Captioned web images
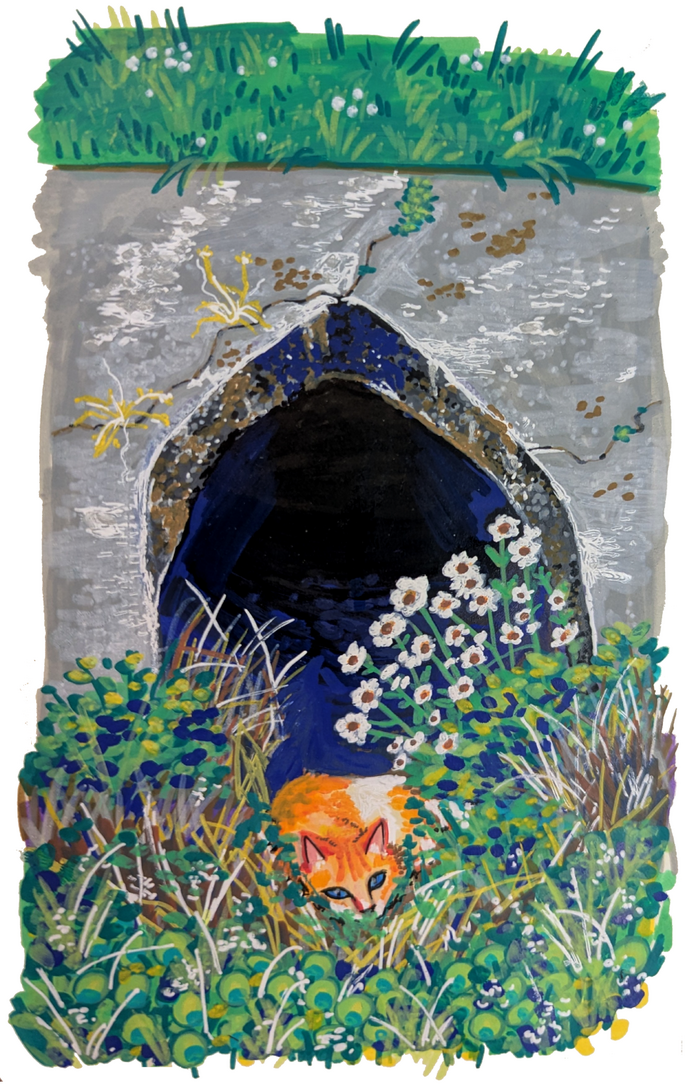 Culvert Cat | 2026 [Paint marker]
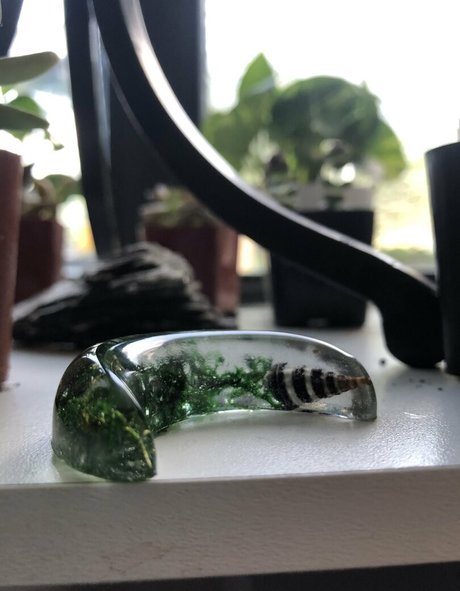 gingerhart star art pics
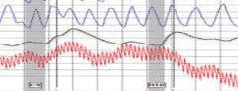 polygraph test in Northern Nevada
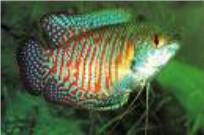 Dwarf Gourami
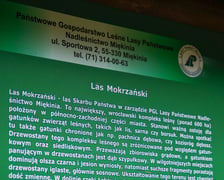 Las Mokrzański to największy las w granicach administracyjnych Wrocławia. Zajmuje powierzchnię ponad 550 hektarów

EXERCISE DETAILS – Set down exactly, and only, the lines from the one containing "polygraph test in Northern Nevada" through the last line of the entries. Pictures do not belong in the copy.

WRITTEN ANSWER –
 polygraph test in Northern Nevada
 Dwarf Gourami
 Las Mokrzański to największy las w granicach administracyjnych Wrocławia. Zajmuje powierzchnię ponad 550 hektarów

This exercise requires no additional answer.